(Beginning of DATASET CONTENT)

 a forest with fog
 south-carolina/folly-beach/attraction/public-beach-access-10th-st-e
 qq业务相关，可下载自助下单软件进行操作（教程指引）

(End of DATASET CONTENT)

- [WHAT YOU SHOULD DO] The full listing, top to bottom: write it out again exactly.

- [SOLUTION]
 a forest with fog
 south-carolina/folly-beach/attraction/public-beach-access-10th-st-e
 qq业务相关，可下载自助下单软件进行操作（教程指引）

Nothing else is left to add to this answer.